Harvey at a loss to explain struggles

September 19th, 2017

MIAMI -- Approximately 20 minutes after the Mets dropped a 13-1 game to the Marlins on Monday, Matt Harvey emerged from a back room of the visiting clubhouse. A staff member indicated that a group of media members was waiting to speak to him. Harvey shrugged his shoulders.
"I don't know what there is to say," he muttered.
For the next 70 seconds, Harvey repeated some variation of that phrase half a dozen times. He could give no explanation for the seven runs he allowed in four innings, nor for the 13.19 ERA he has posted in four starts since returning from the disabled list. He did not dissect the hanging slider that hit for a three-run homer, nor the 11 other hits he served up on this night.
"Everybody's watching," Harvey said. "I don't really know what there is to say except for there is nothing to say. It's terrible. It's not fun. There's really nothing to say. There's no reason for questions. There's no answers. There really isn't."

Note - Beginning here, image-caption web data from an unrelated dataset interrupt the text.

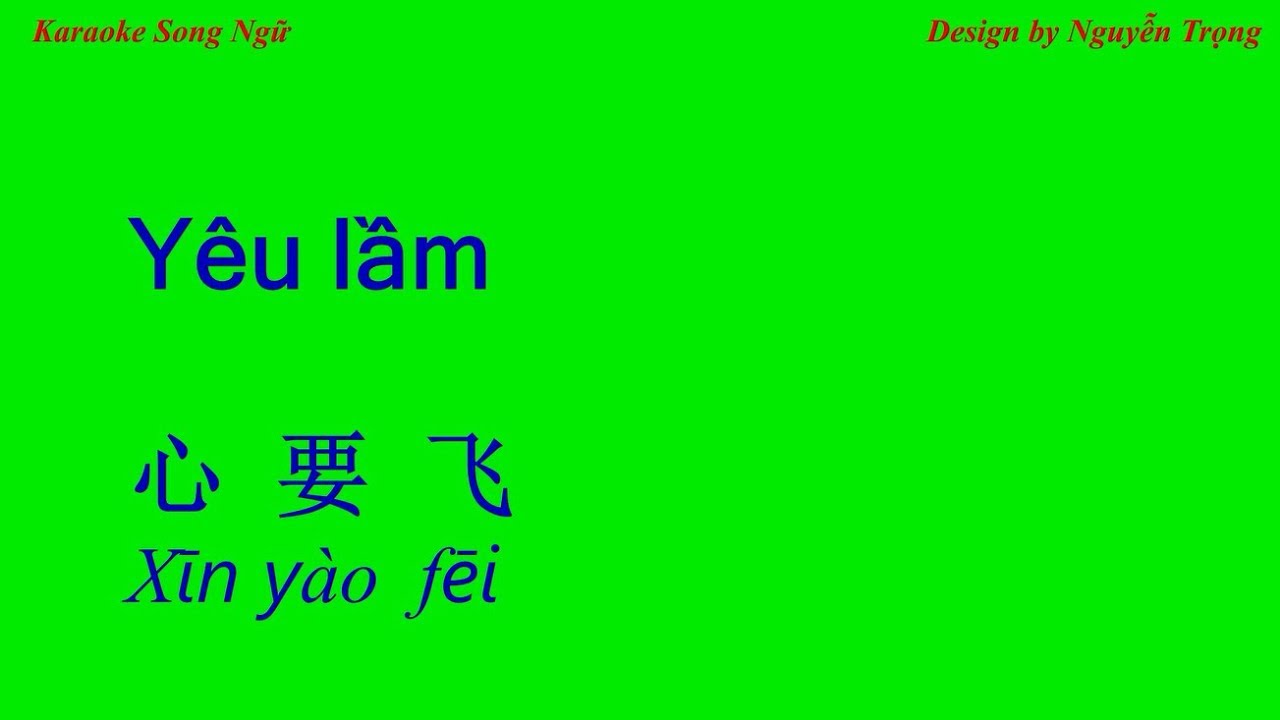 Karaoke - Yêu lầm - 心 要 飞 (B Min)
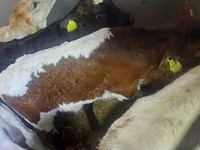 سانڈ, Simmental cattle — تصویر 3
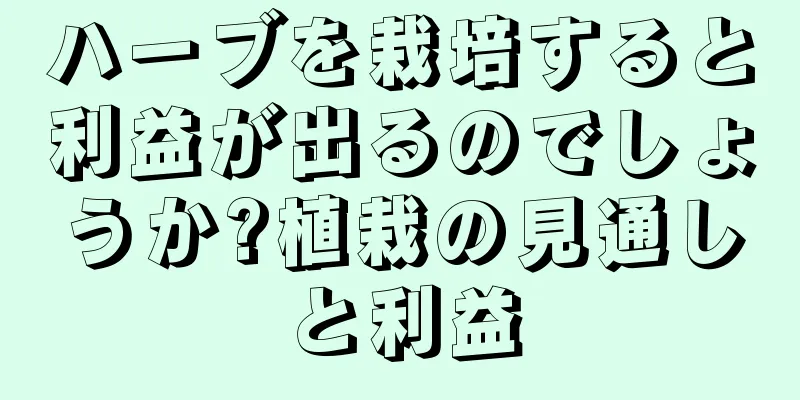 ハーブを栽培すると利益が出るのでしょうか?植栽の見通しと利益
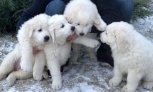 «Мы счастливы!»: многодетная семья из Приамурья получит щенка от сахалинского губернатора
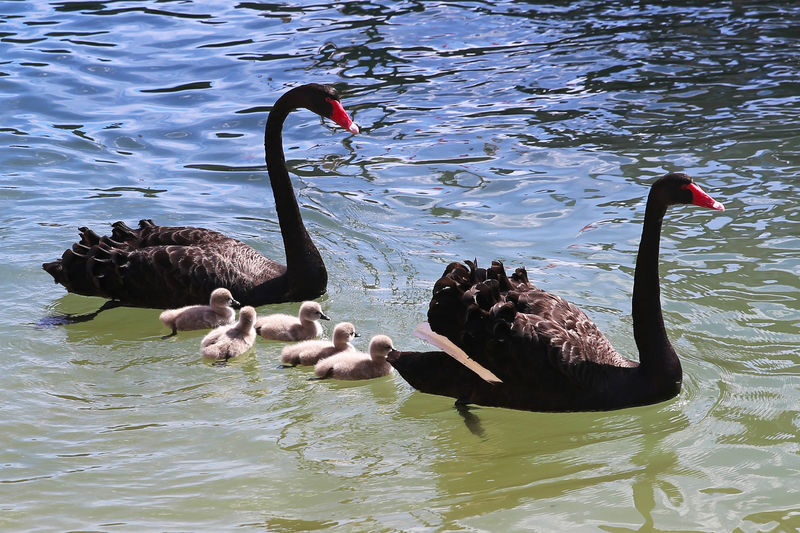 Mandurah Dolphin Cruise and Views Guided Tour - Live commentary and a child-friendly deck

Harvey's soliloquy was mostly unchanged from his previous start in Chicago, when he gave up five runs in 3 1/3 innings. More dejected than defiant in both cases, Harvey offered none of the fire that made him such a notable personality at his zenith. He called the criticisms of his pitching "deserved."
His responses, in effect, matched his performances on the mound. Though Harvey's fastball continued showing more life, reaching 97 mph early in Monday's game, he could not command it with any consistency. The Marlins continually put the ball in play, collecting four infield singles. They swung and missed just four times, striking out twice against him.
The defining moment occurred in the fourth inning, when Harvey floated an 89-mph slider high in the strike zone, allowing Stanton to crush a three-run homer -- his 55th -- 455 feet over Marlins Park's ocean-themed art sculpture. The blast ensured that Harvey would endure another mottled final line: seven runs and just 12 outs, with an average of more than three baserunners per inning.
"When he was at the top of his game, he had three swing-and-miss pitches," manager Terry Collins said, as baffled as anyone by Harvey's ineffectiveness. "Right now, he doesn't have that."
Right now, he does not appear to have any. Since returning from a nearly three-month stay on the disabled list, Harvey has allowed 32 hits in 14 1/3 innings. In total this season, he has given up as many earned runs (62) as he has strikeouts.
Harvey's latest performances have called into question if the Mets will even tender him a contract beyond the $5.1 million he made this season, though that is ultimately a small price to pay if he can regain even a fraction of his old magic. More pertinently, Collins said the Mets will discuss if Harvey should make his final two starts of the season. The manager seemed resigned to that course of action as well.
"When somebody tells me why he shouldn't, then we'll consider it," Collins said. "I mean, what have we got to lose?"
The insinuation is that Harvey, who started the All-Star Game just four years ago, has hit rock-bottom, his confidence incapable of eroding any further. It is a notion that Harvey did not dispute.
"Nothing's good," he said. "It's pretty much terrible all the way around. There's nothing to say. That's about it."